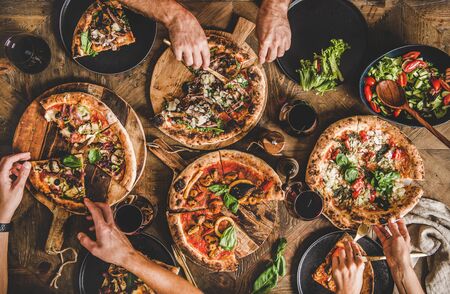 Family or friends having pizza party dinner. Flat-lay of people eating various kinds of Italian pizza and drinking wine over wooden table, top view. Fast food lunch, gathering, celebration conceptの写真素材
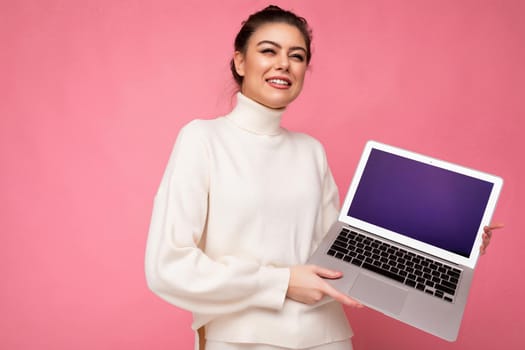 Photo of beautiful brunet young woman with gathered dark hair wearing white sweater holding computer laptop and looking to the side with close eyes and open mouth isolated on pink wall background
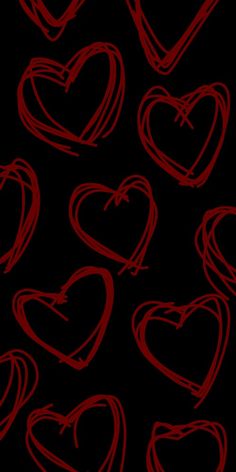 red hearts drawn on a black background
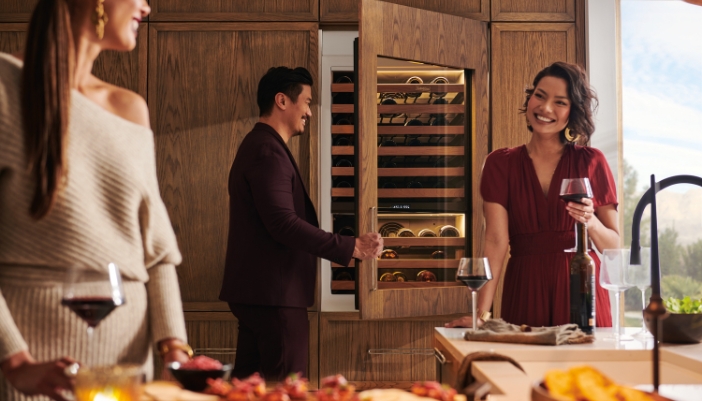 Elegantly dressed people have a dinner party at home in a modern kitchen.
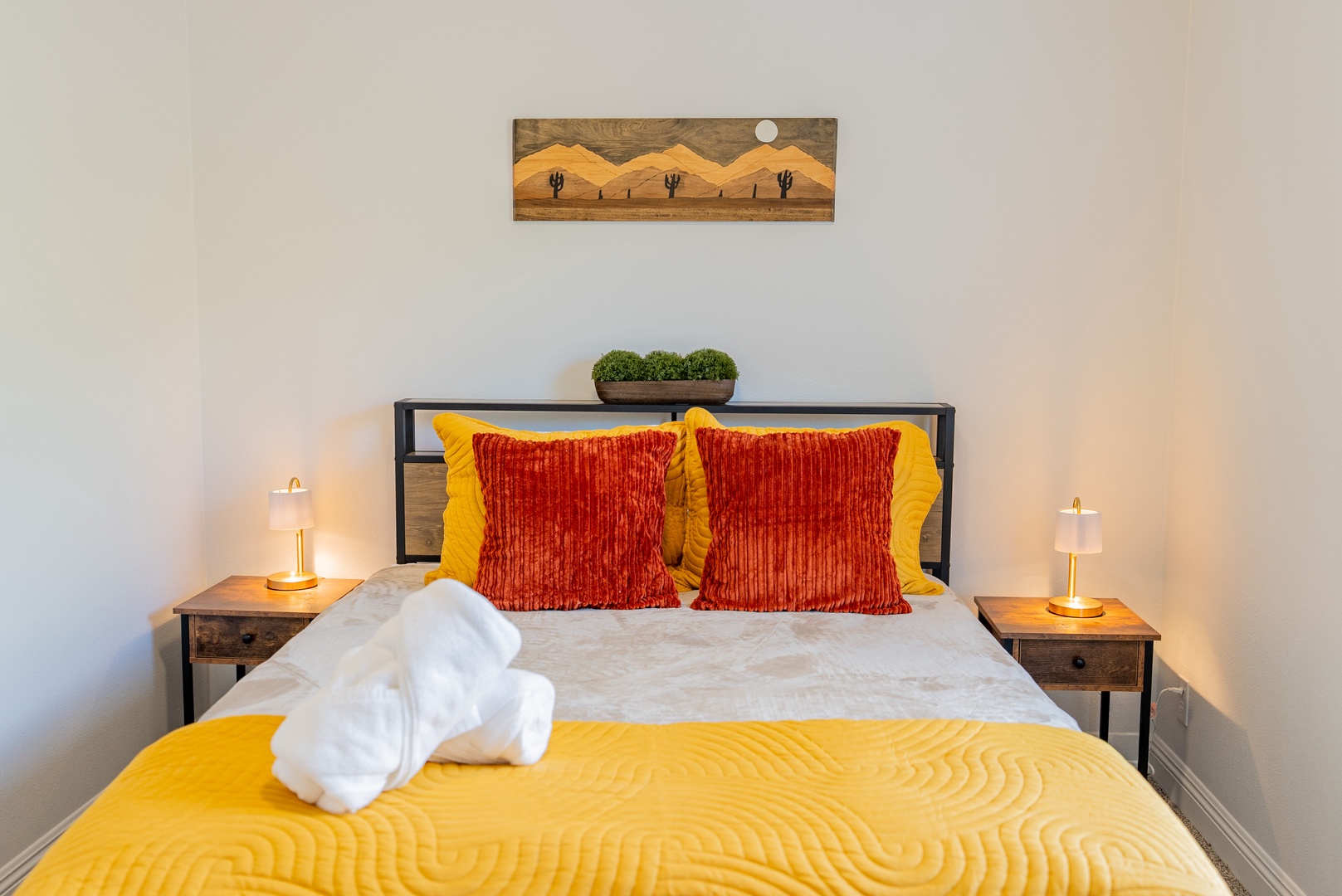 Vibrant accents and warm lighting with ceiling fans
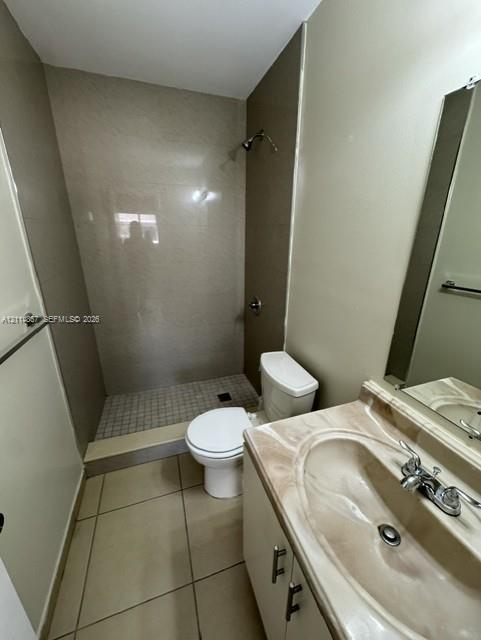 Bathroom featuring a vanity with a molded countertop and integrated sink, walk-in shower with tile surround, mosaic tile shower floor, and large-format floor tiling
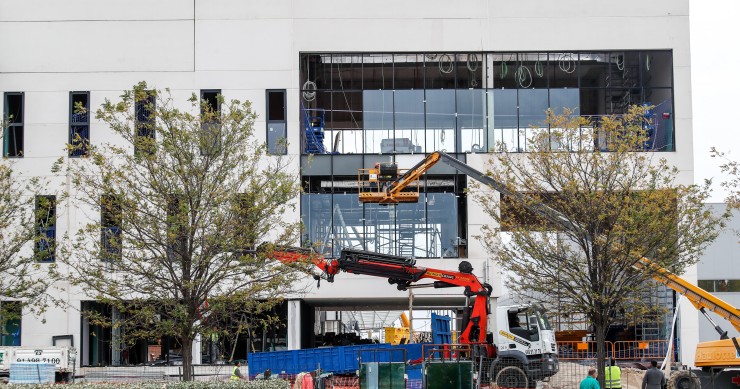 Archivo - Varios obreros trabajan con maquinaria de construcción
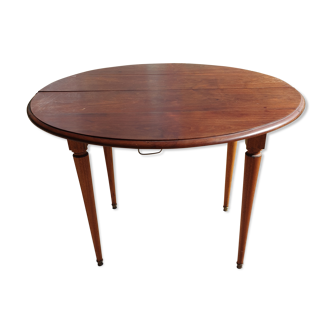 Old mahogany-shuttered round table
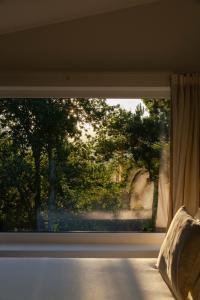a window in a bedroom with a view of trees at A Padaria Farmhouse in Cinfães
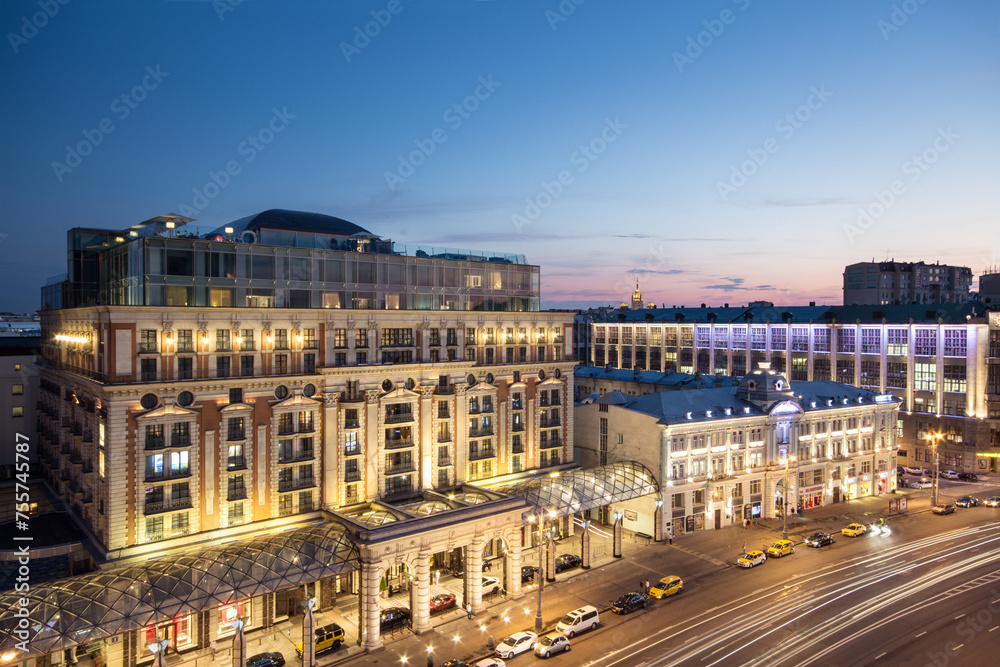 Fototapeta premium (long exposure) Tverskaya street (main street) of Moscow. Ritz-Carlton hotel at evening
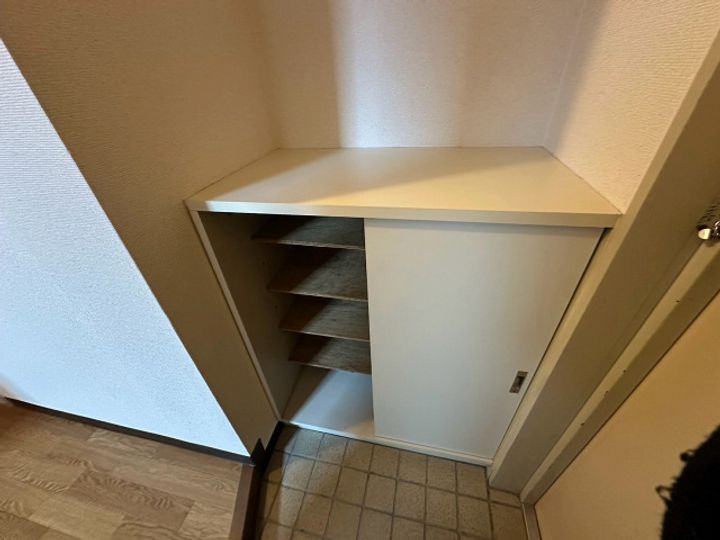 グリーンヴァリィ金光一番館0601の玄関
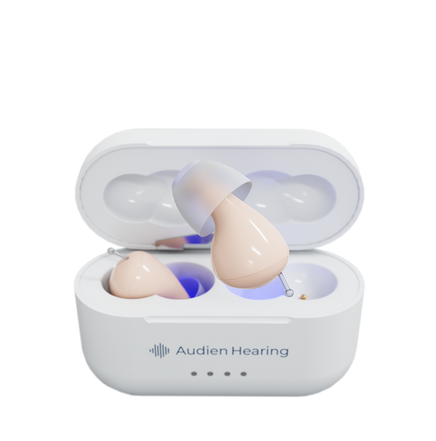 Audien Hearing Atom 2 hearing aids with open charging case showing one device elevated

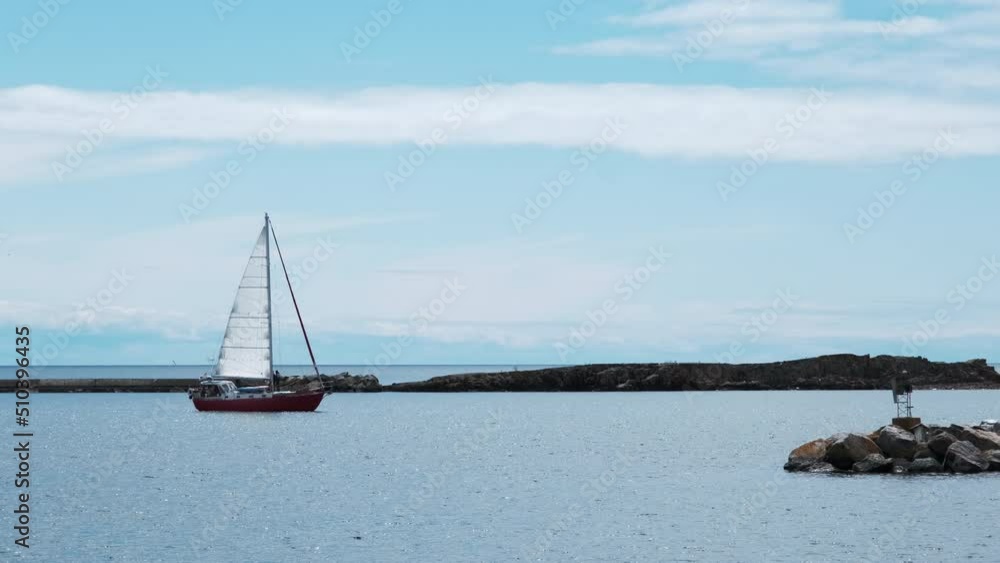 Sailboat on peaceful water in harbor against brilliant blue sky Sailboat on peaceful water in harbor against brilliant blue sky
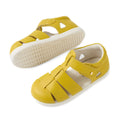 A pair of Bobux IWalk Tidal Sandal Mango Mint Closed Toe Toddlers featuring a vibrant yellow design, white soles, Velcro straps for easy adjustment, and a comfortable fit. Crafted from water-friendly leather, these sandals are ideal for active toddlers—one sandal is pictured upright while the other is flipped to display its sole., 9420074807908, 9420074807915, 9420074807922, 9420074807939, 9420074807946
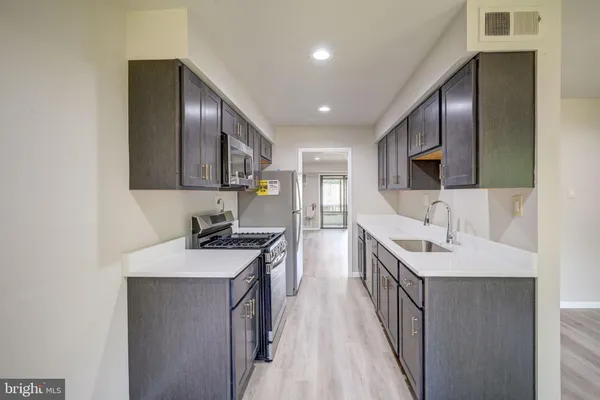 a kitchen with a sink appliances and cabinets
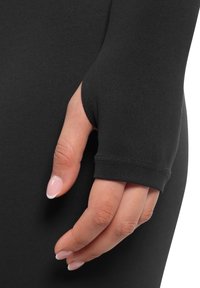 Langärmliges schwarzes Kleidungsstück mit Daumenlöchern, glatter Textur, nahtlosem Design und taillierter Silhouette. Hand mit manikürten Nägeln hält den Ärmel.
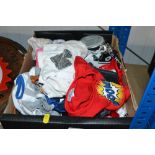 A box containing various Build-A-Bear clothes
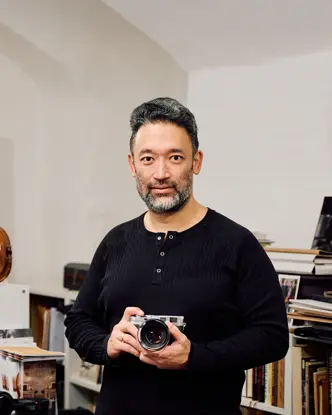 Wilfried Hedenborg with his leica camera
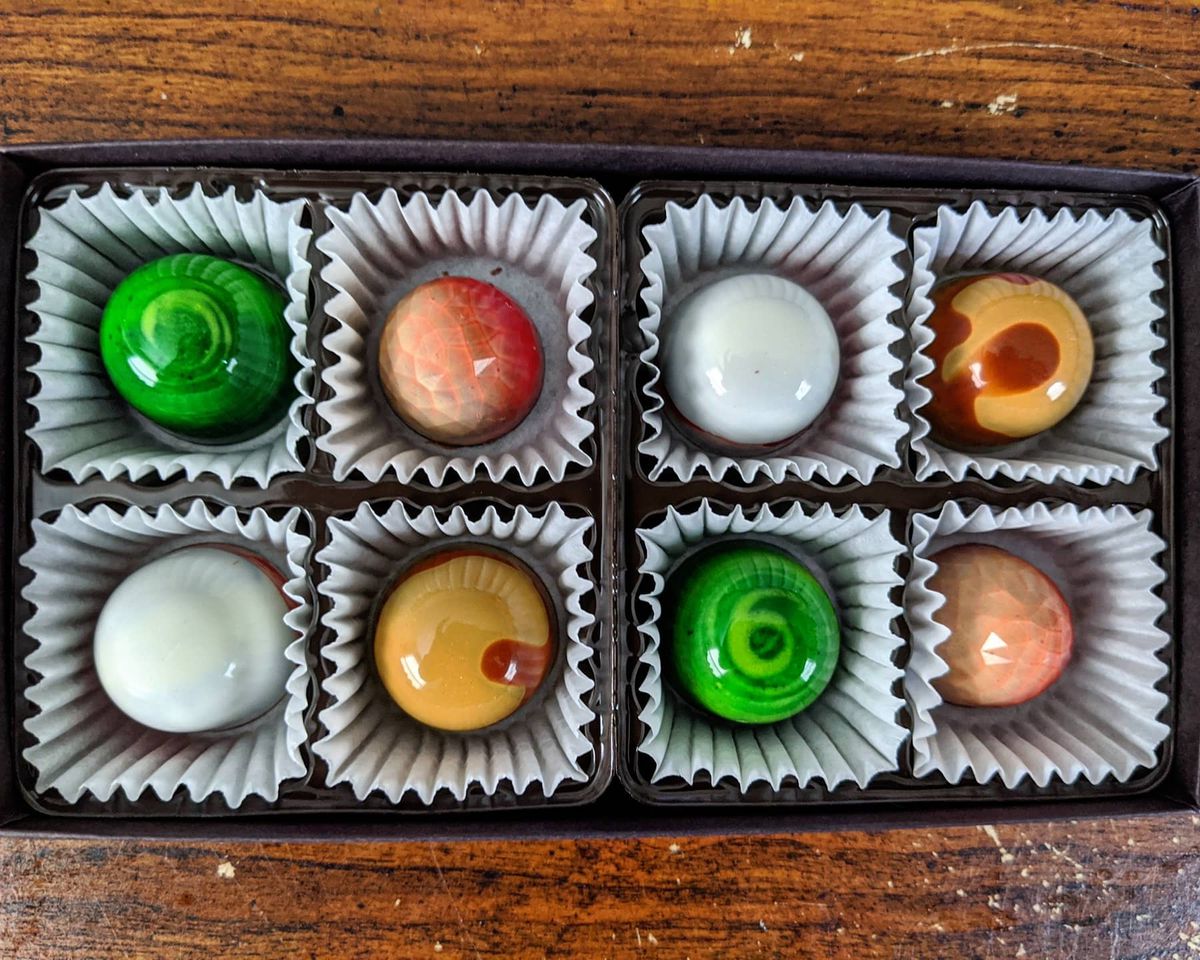 A box of eight fancy, shiny chocolates, two each of four different flavors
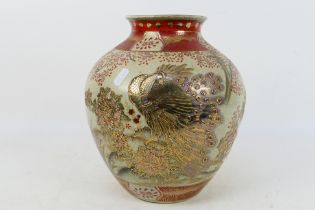 An Oriental crackle glaze vase of ovoid form with gilt decoration of a peacock amidst foliage,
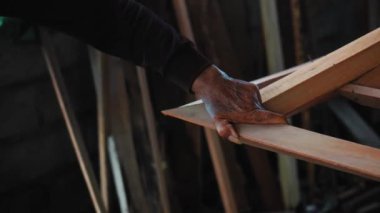 4K görüntülerinde, Yaşlı Usta 'nın buruşuk elleri, atölyede çekiçle tahta tahtaya çivi çakıyor.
————————
- _Prompt_: An exact copy of the listing is required, with every image removed.

- _Answer for the task_:
 Family or friends having pizza party dinner. Flat-lay of people eating various kinds of Italian pizza and drinking wine over wooden table, top view. Fast food lunch, gathering, celebration conceptの写真素材
 Photo of beautiful brunet young woman with gathered dark hair wearing white sweater holding computer laptop and looking to the side with close eyes and open mouth isolated on pink wall background
 red hearts drawn on a black background
 Elegantly dressed people have a dinner party at home in a modern kitchen.
 Vibrant accents and warm lighting with ceiling fans
 Bathroom featuring a vanity with a molded countertop and integrated sink, walk-in shower with tile surround, mosaic tile shower floor, and large-format floor tiling
 Archivo - Varios obreros trabajan con maquinaria de construcción
 Old mahogany-shuttered round table
a window in a bedroom with a view of trees at A Padaria Farmhouse in Cinfães
 Fototapeta premium (long exposure) Tverskaya street (main street) of Moscow. Ritz-Carlton hotel at evening
 グリーンヴァリィ金光一番館0601の玄関
 Audien Hearing Atom 2 hearing aids with open charging case showing one device elevated

 Sailboat on peaceful water in harbor against brilliant blue sky Sailboat on peaceful water in harbor against brilliant blue sky
 A pair of Bobux IWalk Tidal Sandal Mango Mint Closed Toe Toddlers featuring a vibrant yellow design, white soles, Velcro straps for easy adjustment, and a comfortable fit. Crafted from water-friendly leather, these sandals are ideal for active toddlers—one sandal is pictured upright while the other is flipped to display its sole., 9420074807908, 9420074807915, 9420074807922, 9420074807939, 9420074807946
 a kitchen with a sink appliances and cabinets
 Langärmliges schwarzes Kleidungsstück mit Daumenlöchern, glatter Textur, nahtlosem Design und taillierter Silhouette. Hand mit manikürten Nägeln hält den Ärmel.
 A box containing various Build-A-Bear clothes
 Wilfried Hedenborg with his leica camera
 A box of eight fancy, shiny chocolates, two each of four different flavors
 An Oriental crackle glaze vase of ovoid form with gilt decoration of a peacock amidst foliage,
 4K görüntülerinde, Yaşlı Usta 'nın buruşuk elleri, atölyede çekiçle tahta tahtaya çivi çakıyor.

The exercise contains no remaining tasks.